- DIRECTIONS FOR THIS TASK -
Below is a listing with pictures in it; transcribe exactly the lines from the one that has "Ford Bronco Orange" through the one that has "Martin Lafon, nouveau", and omit those pictures.

━━━ INPUT ━━━

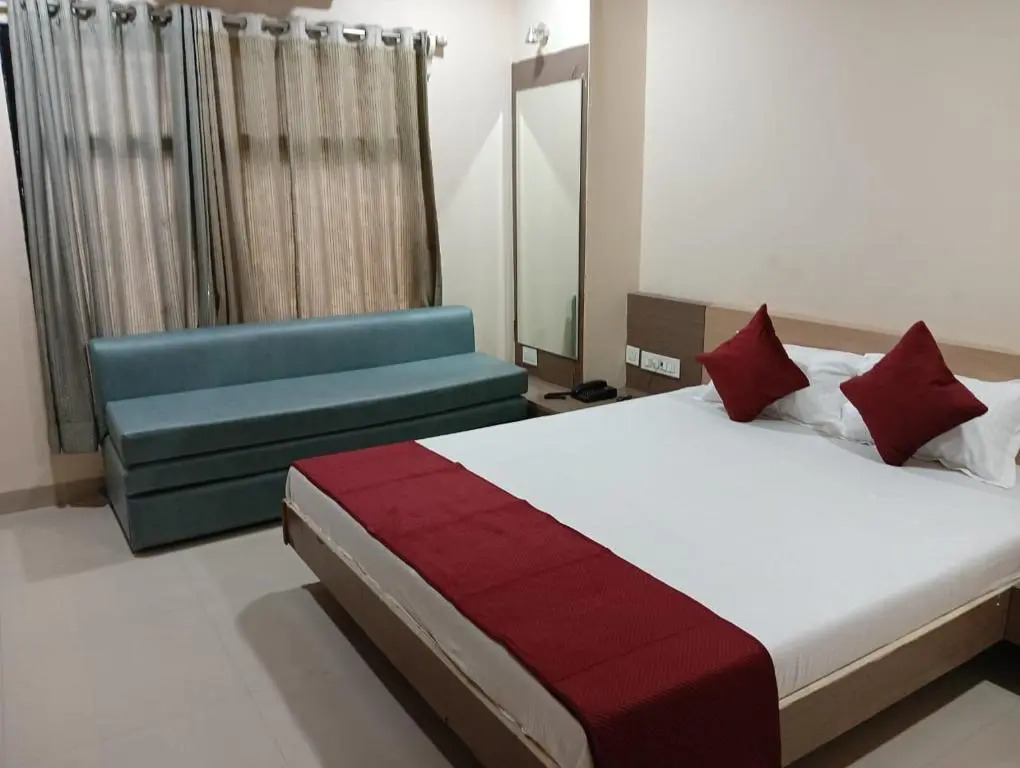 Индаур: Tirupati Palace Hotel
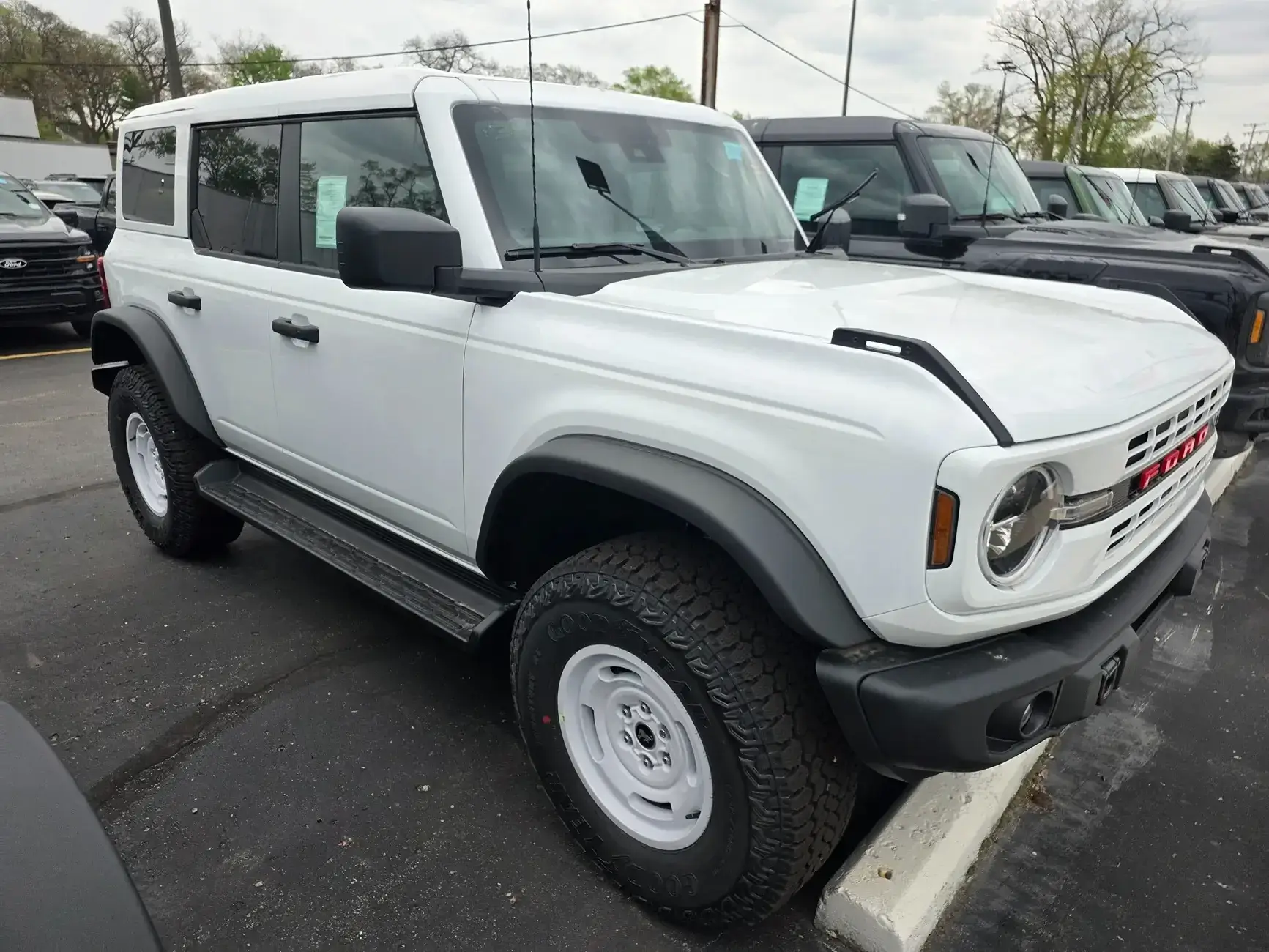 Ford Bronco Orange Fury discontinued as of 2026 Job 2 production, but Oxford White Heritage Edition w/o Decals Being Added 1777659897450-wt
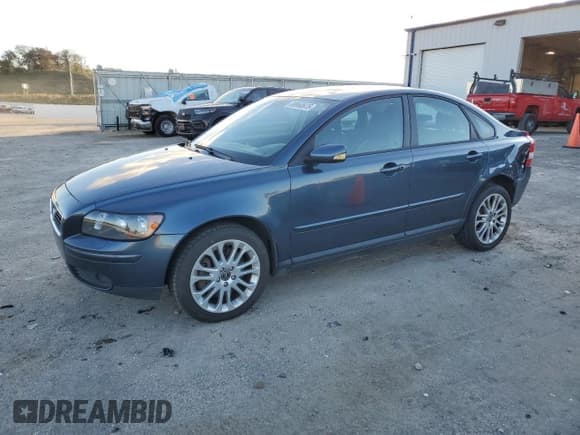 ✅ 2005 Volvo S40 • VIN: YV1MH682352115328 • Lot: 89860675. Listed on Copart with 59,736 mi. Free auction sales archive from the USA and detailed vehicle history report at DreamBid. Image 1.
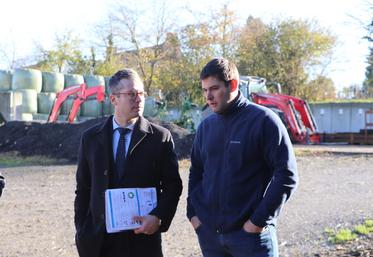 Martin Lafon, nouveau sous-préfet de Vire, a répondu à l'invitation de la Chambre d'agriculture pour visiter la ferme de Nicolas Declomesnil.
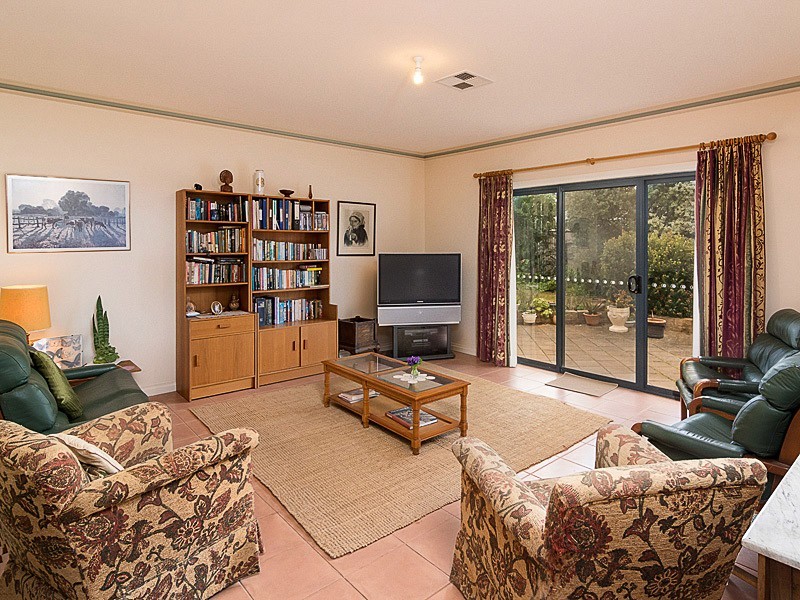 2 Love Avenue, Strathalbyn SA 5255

━━━

- SOLUTION FOR THIS PROBLEM -
 Ford Bronco Orange Fury discontinued as of 2026 Job 2 production, but Oxford White Heritage Edition w/o Decals Being Added 1777659897450-wt
 ✅ 2005 Volvo S40 • VIN: YV1MH682352115328 • Lot: 89860675. Listed on Copart with 59,736 mi. Free auction sales archive from the USA and detailed vehicle history report at DreamBid. Image 1.
 Martin Lafon, nouveau sous-préfet de Vire, a répondu à l'invitation de la Chambre d'agriculture pour visiter la ferme de Nicolas Declomesnil.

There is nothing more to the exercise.